По другим источникам (Успенскому летописцу, одному из источников второй редакции свода 1518 г. и по Житию князя Федора, написанному иеромонахом Антонием) чудеса начались с принесения мощей 5 марта, но их большинство пришлось на время с 3 апреля по 25 июня 1463 г. [41, c. 157; 40, c. 276; 54, с. 258-264]12 . Уже затем в Ермолинской говорится «о прощании» всех ярославских князей «со всеми своими отчинами на век», о том, что они «подавали» их Ивану III, который «против их отчины подавал им волости и села». Здесь необходимы уточнения и разъяснения. Действующих ярославских князей к началу 1460-х гг. было не менее 40-45 чел., так что «полюбовный размен» никак не мог быть реализован за два месяца (июль и август) сентябрьского 6971 г., то есть до конца лета 1463 г. На это были потребны немногие, но все же годы. Далее, автор не сказал главного: ярославские князья – по отдельности и всем кланом (за единичными исключениями) – перешли на службу московскому государю.

Именно это стало причиной перемен в отношениях собственности: Иван III как новый сюзерен передавал своим вассалам, ярославским князьям, их же родовые вотчины в качестве своего пожалования под условием службы (с рядом клановых ограничений в обороте подобных вотчин – об этом см.: [29, с. 16-35]). Такие практики хорошо известны и для предшествующих десятилетий (см. выше раздел о Моложских князьях), и для последних десятилетий XV в. (переход на службу к московскому государю кн. Воротынских. Белевских, Мезецких с родовыми землями, пожалование после взятия московскими войсками Вязьмы кн.
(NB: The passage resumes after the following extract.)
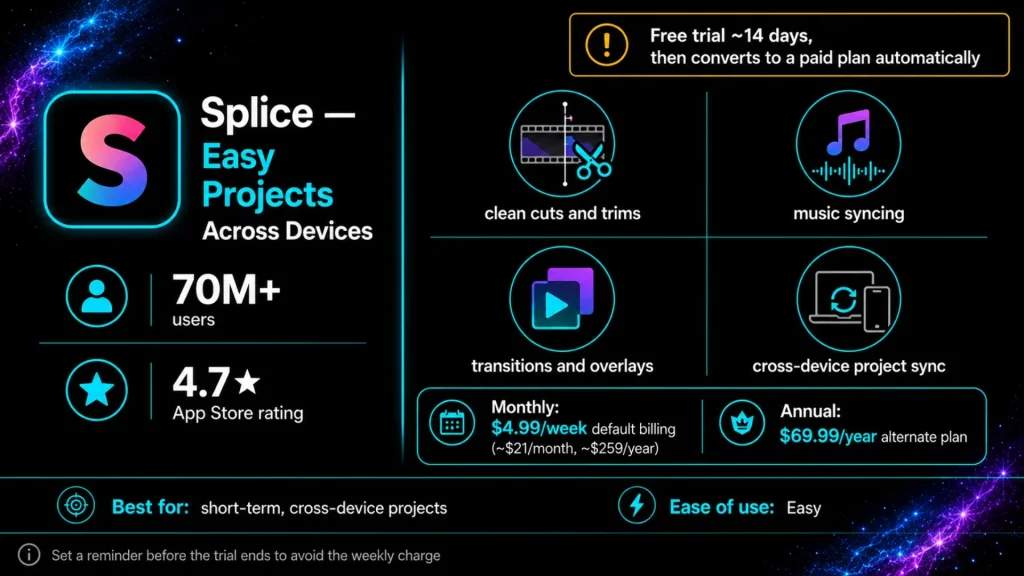 Splice video editor infographic highlighting a premium CapCut alternative with clean trimming, music syncing, transitions, cross-device project sync, subscription pricing, free trial details, and easy social media video editing.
Вяземских их же родовыми землями под условием службы [45, c. 289, 292-293 и др.]). Эти перемены означали также утрату кн. Александром Федоровичем (последним стольным князем Ярославля) своего статуса главы самостоятельного княжения. Родословные росписи двояко говорят об этом факте: по одной версии он «продал Ярославль», по другой – «при нем и Ярославль отошел» [41, c. 168; 37, c. 49. В других сходных текстах «отошел на великого князя»; см. также: 24, с. 219]. Оставляем сейчас в стороне вопрос о времени и формы санкции ханами Большой Орды присоединения Ярославля к Московскому великому княжеству. Полагаем, что в той или иной форме она состоялась. А.А. Горский предложил новую трактовку причин неудачного в итоге похода хана Махмуда на Русь в 1465 г. Основным мотивом он посчитал присоединение Ярославля к Москве без ханского разрешения.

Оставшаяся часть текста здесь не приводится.